Basically, I'm starting out favourably disposed to what the government wishes to do, because it's also what our government had wished to do. I just discovered recently that we had the same process as well as the same substance. But perhaps more fundamentally, I tend to be on the side of Adam Smith, thinking that more competition is better than less competition and that a duopoly is probably not optimal.
I basically have two questions. The first would be to either Mr. Charles or Mr. Tonnesen, I think, or to Monsieur Roy.

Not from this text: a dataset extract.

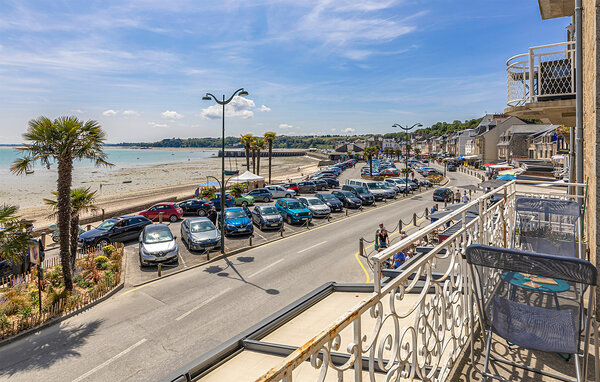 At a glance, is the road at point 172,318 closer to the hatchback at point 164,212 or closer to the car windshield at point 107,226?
the car windshield at point 107,226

Since I begin with a bias very much in favour of what the government is proposing, I think the onus of proof is on the other side. In the Desjardins submission, one of the conditions given, the second one, is that it is critical that mortgages not be subject to an anti-selection process that would disadvantage home owners outside urban areas, and more particularly rural residents. So I'd like to ask those who propose to enter the competition to explain whether there would be such an anti-selection process and whether there would be any risk for rural people in this new, multi-company, competitive world?
I also have a question for Mr. Vukanovich. I'm not making any accusations—I must stress that—but I think it was Mr. Turner who really pushed this, and then when I read on Mr. Turner's website of March 19 about his friend Peter Vukanovich coming to visit him a few days ago in his riding office, and since he seems to be instigating this, I want to ask what the nature of that relationship is, just for the record and without making any accusations.
Those are my two questions, Mr. Chair.